Conceptualizing this incompleteness in terms of “Gaps” is simply meant to formalize this problem. Gaps correspond to acknowledged forms of luck impacting human cognition and potentially blocking epistemizing justification. Bridges are attempts to respond by way of philosophical reconstructions to the threat posed by Gaps, and to lay out conditions under which justification is indeed “epistemizing”—that is, sufficient to turn true belief into knowledge. To clarify this, we must first try to formalize our conception of the Gaps themselves. Internalist theories, we’ve shown, leave us with a gap between(1)truth and (2) justified belief. We can simply call this 1—2 gap the Veritic Gap to correlate with the form of luck to which internalists must acquiesce. Externalist theories, on the other hand, do provide a conceptual linkage between justified belief and truth, that is to say, a conception of a necessary connection between knowledge and its object. But for them a gap re-opens between belief (or more strictly, propositional acceptance) and (3) good reasons or adequate evidence. This is a token of a discontinuity between the reliabilist's strong conceptual claims and their lack of a supporting theory of evidence.[32] Borrowing a Greek term to balance against the Latin veritas, we can call this 2—3 gap the Zetetic Gap. This comes from zetesis, referring to the quality of an investigator’s effort, or of her method of investigation, and was used by the Greeks in the context of a common inquiry into an unknown truth. Again this is intended to map correlate with the sense of evidential luck discussed above.
This characterization of Gaps follows the analysis of our previous section. But we should add at least one more, that between (3) reasons and (4) (proper) motivation. We can call this 3—4 gap the Enkratic Gap, for the Greek term for continence. Do reasons have to motivate? For instance, if I accept that I have reason to doubt/believe some proposition, must I be motivated to some degree to doubt/believe that proposition? What Christopher Hookway calls (motivational) internalism answers yes; it holds the normative impact of reasons on an agent to be inseparable from motivation, at least in rational agents. For the internalist, epistemic rationality requires us to be properly motivated: we should no even say that evidence provides a person with “reasons,” unless it is integrated in an appropriate way with their motivational tendencies, and “it seems that the existence of a gap between my normative judgments and my motivations signals a kind of irrationality.”[33]
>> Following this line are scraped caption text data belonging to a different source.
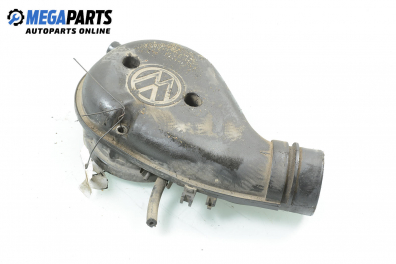 Въздуховод за Volkswagen Vento Sedan (11.1991 - 09.1998) 1.8, 75 к.с.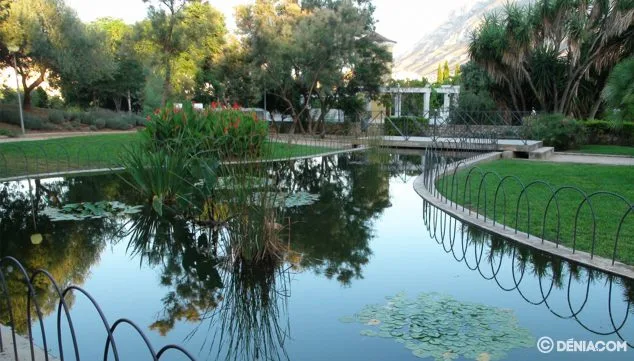paisajes de denia mateo fotografia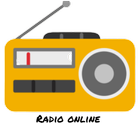 Radio Stereo Rey 102.5 FM icon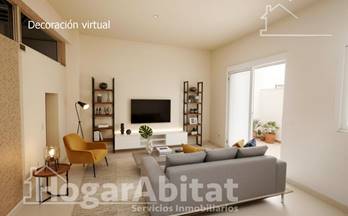 30 pisos en venta la pobla llarga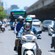 Bắc bộ tăng nhiệt mạnh, nắng nóng xuất hiện ngắn ngày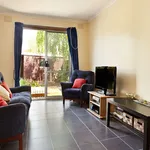 Rent 3 bedroom house in Coburg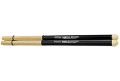 61372 ROHEMA Silent Rods  silesia drum4.jpg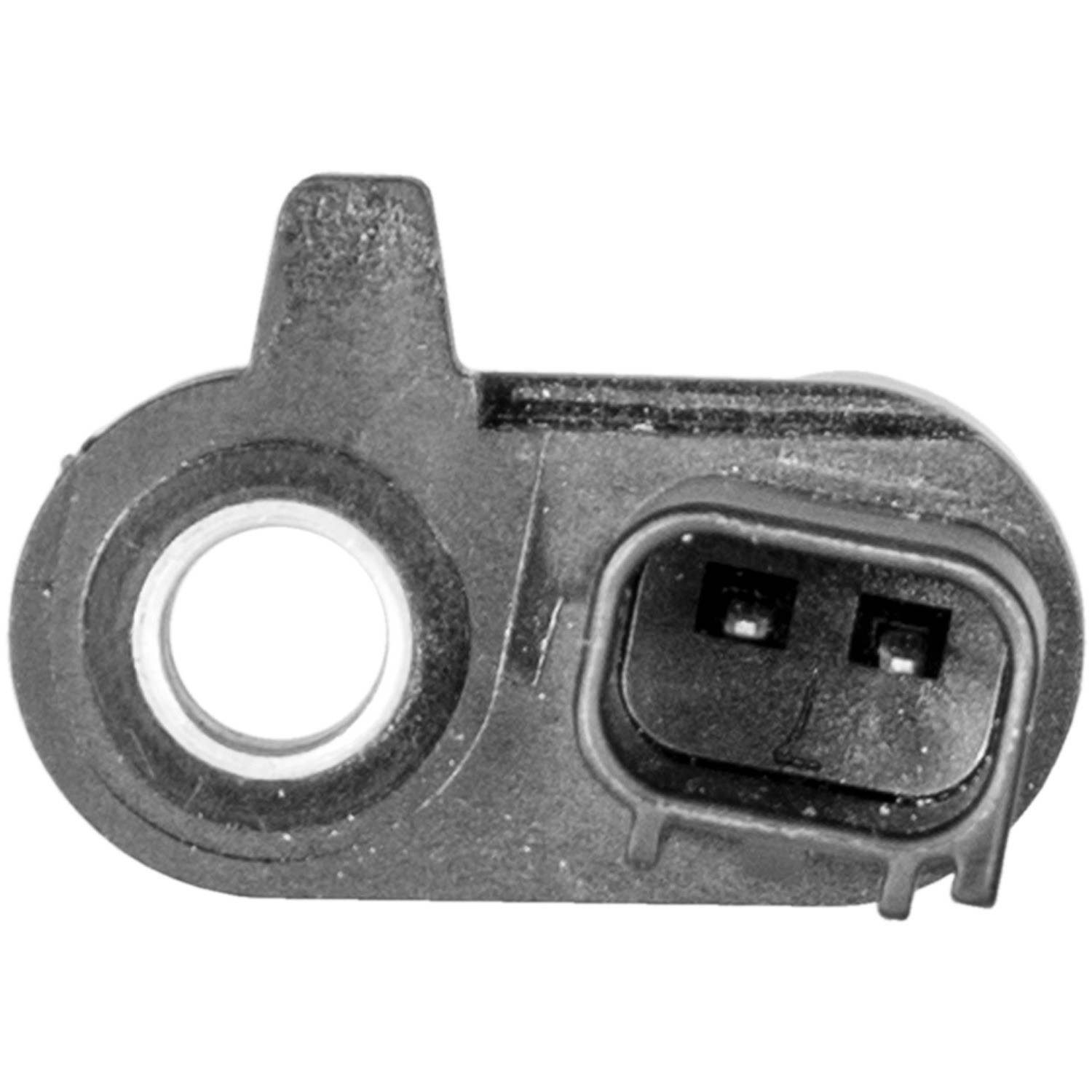 DENSO Auto Parts Engine Camshaft Position Sensor 196-6011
Now if we hold this model of three Gaps between four terms [1—2—3—4] in mind, we can say that the amalgam of views associated with internalism allows it to present us with bridges for both the Zetetic and EnkraticGaps, but at the cost of leaving the Veritic Gap radically open. On the other hand it is often said that externalism presents a great departure from “traditional epistemology” with its predominantly internalist character. In the terms we have used in this paper, we might then say that externalism has the advantage of being able to radically bridge the Veritic Gap, but at the cost of leaving us with suspect resources for addressing the other two.

To conclude our brief discussion in this section, I would point out that each of the Gaps and associated kinds of epistemic luck we have discussed have strong analogues in Nagle’s discussion of moral luck. The Veritic Gap (and with it Engel’s veritic luck) bears resemblance to Nagle’s consequential luck; the Zetetic Gap (and with it Engel’s evidential luck) can be profitably compared with Nagel’s circumstantial luck; and finally, the Enkratic Gap, as exemplified in the possibility of a kind of epistemic akrasia that Hookway examines, betokens largely unexplored comparisons with Nagel’s constitutive luck. What I will call the Gaps Problem is the problem of providing a positive account of knowledge and justification, one that addresses each of the discontinuities under a single unified perspective, without ignoring or negating the influence of factors that are a matter of luck. Thus the parallels suggested between acknowledged forms of moral luck and the forms of epistemic luck we have examined are further indication of the import of the Gaps Problem for epistemology today.

V. Mutual Assistance
We have now described two specific forms of “chance” (section II) that, though sharply contested among reliabilists and responsibilists, are each claimed by some to preclude true beliefs from constituting knowledge; we have also described forms of “luck” (Section III) that must be acknowledged rather than precluded and that, while also impacting epistemology, do so primarily in terms of their relevancy to a general skeptical challenge that virtue epistemologists, whether those we have called virtue reliabilists or responsibilists, must confront together. In section IV we have seen that the presence of veritic and evidential luck indicates an incompleteness in internalist and externalist epistemologies, and most importantly, we have gone on to connect each form of luck with a theoretical “Gap” whose place in any positive account of justification demands acknowledgment. In this final section we will discuss objections to the present analysis of epistemic luck, and clarify the demands on a mixed externalist account of justification in addressing what we have come to call the Gaps problem.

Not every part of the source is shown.